§ Work required
Within the material below, locate the line with "Women Sexy Strapless" and the line with "High-Rise Washed Black", then return those two lines and all lines between them, exactly as written.

§ Exercise inputs
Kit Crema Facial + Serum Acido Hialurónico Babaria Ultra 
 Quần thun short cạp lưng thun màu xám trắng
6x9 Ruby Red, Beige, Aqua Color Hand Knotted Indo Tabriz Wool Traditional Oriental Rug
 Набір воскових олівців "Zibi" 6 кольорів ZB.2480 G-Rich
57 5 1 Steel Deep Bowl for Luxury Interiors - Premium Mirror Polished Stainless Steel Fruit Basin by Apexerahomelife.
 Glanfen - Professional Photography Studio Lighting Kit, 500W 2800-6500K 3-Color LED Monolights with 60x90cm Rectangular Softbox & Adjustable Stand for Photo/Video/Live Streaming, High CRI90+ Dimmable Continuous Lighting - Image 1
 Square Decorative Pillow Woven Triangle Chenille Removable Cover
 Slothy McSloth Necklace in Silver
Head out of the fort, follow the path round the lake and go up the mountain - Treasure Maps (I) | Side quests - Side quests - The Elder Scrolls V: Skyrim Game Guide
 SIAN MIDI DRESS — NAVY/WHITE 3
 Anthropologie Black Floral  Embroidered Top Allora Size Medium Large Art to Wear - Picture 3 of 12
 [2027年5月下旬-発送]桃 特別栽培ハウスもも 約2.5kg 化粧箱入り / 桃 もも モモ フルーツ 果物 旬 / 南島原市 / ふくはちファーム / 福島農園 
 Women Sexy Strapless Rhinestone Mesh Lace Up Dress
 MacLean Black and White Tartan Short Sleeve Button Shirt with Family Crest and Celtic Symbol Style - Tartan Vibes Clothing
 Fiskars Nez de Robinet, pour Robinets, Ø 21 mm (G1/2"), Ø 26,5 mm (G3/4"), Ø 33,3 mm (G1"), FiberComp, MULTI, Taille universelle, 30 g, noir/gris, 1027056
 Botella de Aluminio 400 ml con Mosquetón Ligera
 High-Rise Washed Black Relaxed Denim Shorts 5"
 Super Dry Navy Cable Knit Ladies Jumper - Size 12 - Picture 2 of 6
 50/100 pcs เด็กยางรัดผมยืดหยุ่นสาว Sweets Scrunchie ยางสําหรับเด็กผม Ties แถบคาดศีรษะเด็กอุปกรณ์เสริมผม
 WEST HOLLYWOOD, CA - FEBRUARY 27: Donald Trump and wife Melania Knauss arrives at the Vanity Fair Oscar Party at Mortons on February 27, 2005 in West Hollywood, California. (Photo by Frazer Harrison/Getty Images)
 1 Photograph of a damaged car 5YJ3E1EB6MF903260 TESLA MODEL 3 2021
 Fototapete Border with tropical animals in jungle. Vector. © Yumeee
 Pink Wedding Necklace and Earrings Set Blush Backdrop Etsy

§ Output below
 Women Sexy Strapless Rhinestone Mesh Lace Up Dress
 MacLean Black and White Tartan Short Sleeve Button Shirt with Family Crest and Celtic Symbol Style - Tartan Vibes Clothing
 Fiskars Nez de Robinet, pour Robinets, Ø 21 mm (G1/2"), Ø 26,5 mm (G3/4"), Ø 33,3 mm (G1"), FiberComp, MULTI, Taille universelle, 30 g, noir/gris, 1027056
 Botella de Aluminio 400 ml con Mosquetón Ligera
 High-Rise Washed Black Relaxed Denim Shorts 5"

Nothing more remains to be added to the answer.